2) Stir in the tomato paste, mint, and carrots. Cook for about 2 minutes. Stir the lentils and bulgur into the pot, then add the vegetable stock and water. Bring the whole thing to a bubble over high heat, then turn the heat down and simmer the soup for 45-60 minutes, until the lentils and carrots are very soft.
3) Serve the soup with a sprinkle of Aleppo pepper, a squeeze of lemon, and a sprinkle of chopped mint.
3 comments:
Hmmmmm. I think I have everything but the aleppo pepper. Probably because I'd never heard of it until you mentioned it here. A quick Google search leads me to think I need to get some, but can likely come up with a substitute until I find it.
Day two of veggie life. Thanks again for sharing the info.
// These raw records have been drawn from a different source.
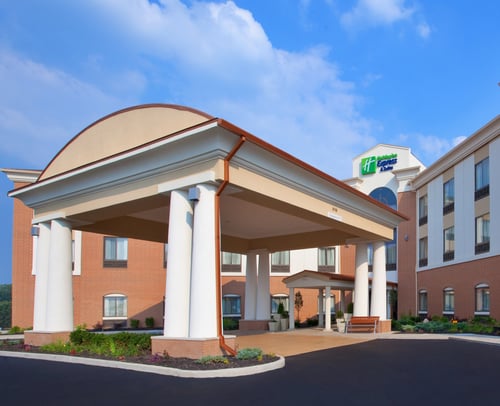 Your stay starts here—comfort and convenience combined.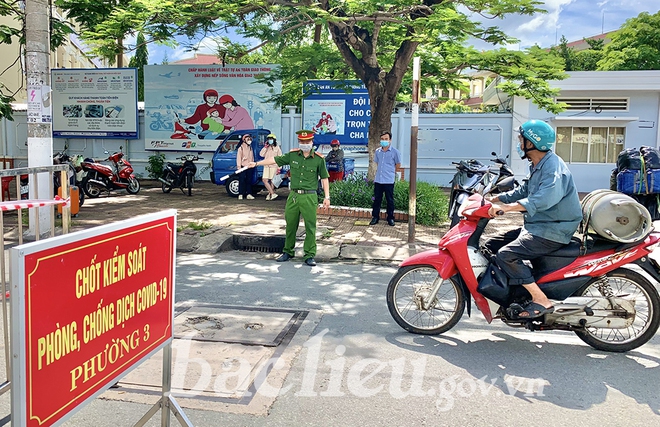 C03 Bộ Công an triệu tập ông Nguyễn Văn Định. Một tỉnh bất ngờ cấm người dân ra đường ban đêm - Ảnh 1.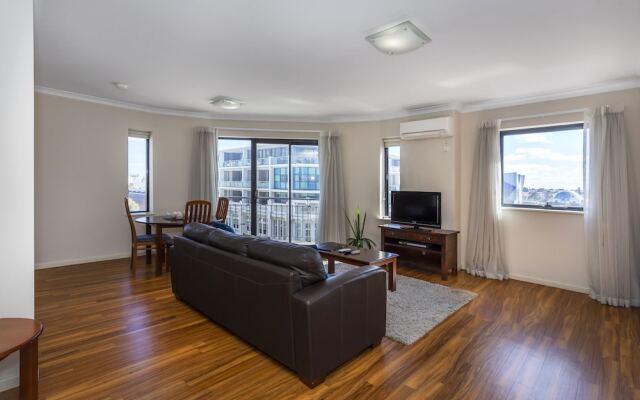 Perth West End Apartment 406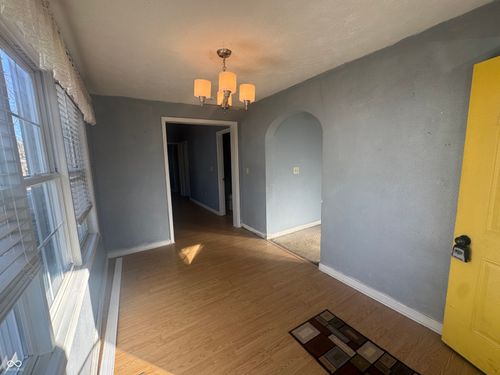 320 6th St, Rushville, IN, 46173-1435 | Card Image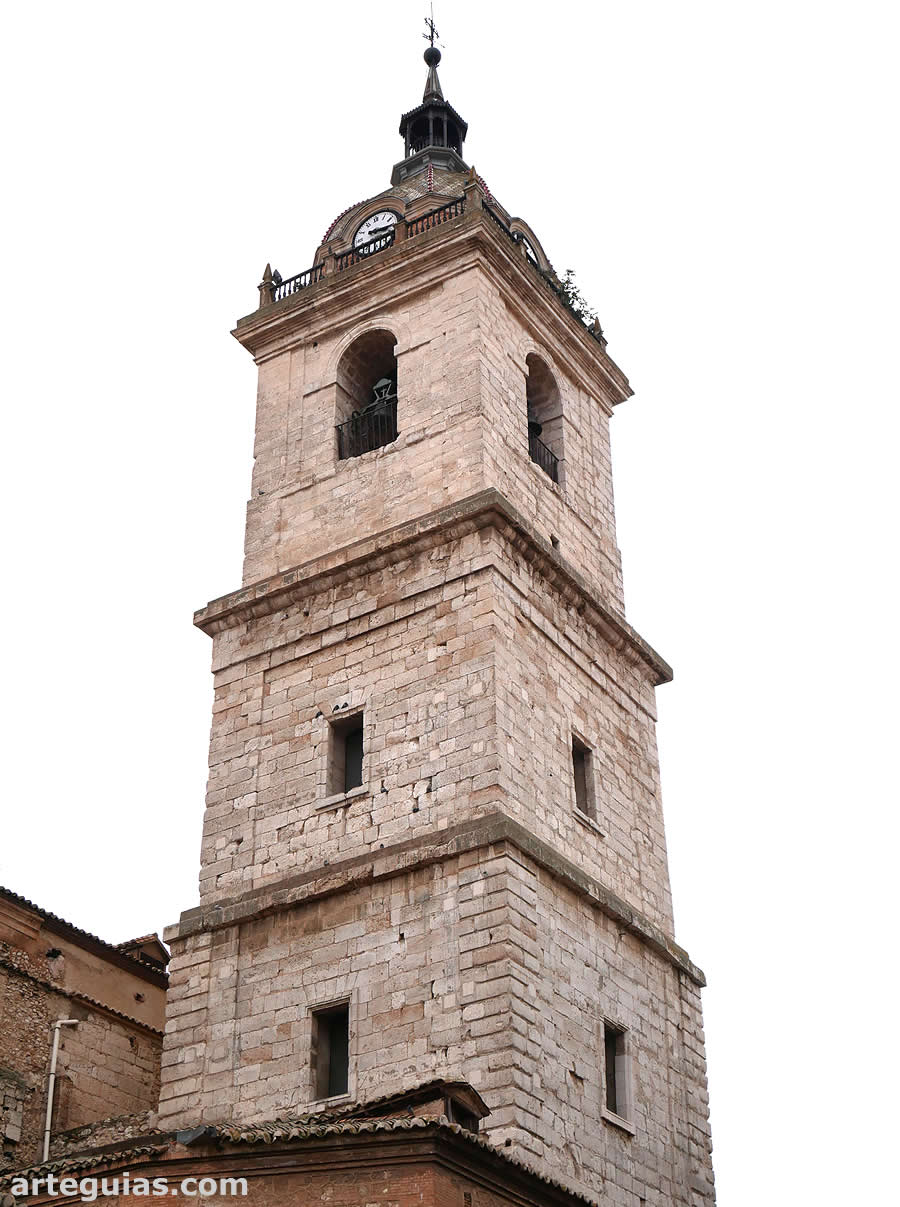 Torre campanario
This is going to be a great adventure. I wonder how long it will take Hubby to realize we're meat-free?
this sounds AWESOME. and i hate nutrition studies for that same reason--too many variables! anyways, i shunned butter for awhile too, but now i have come to embrace it with olive oil, attempting moderation ;) must try this soup... if i have time this week? the weather is perfect for it :(
Ooh, Laurie. Aleppo pepper is WONDERFUL! I do hope you try it, but you could definitely use other spices--maybe some paprika and a pinch of cayenne? Hope you are enjoying veggie life :-)
Shannon, yes! I'm glad I'm not the only scientist who is overwhelmed by the messiness of nutrition studies. I'm sorry to hear about your bad weather, but at least it's a good excuse to burrow into the kitchen, right? (And wait, what do you mean you don't have time for your kitchen? Priorities, my dear!)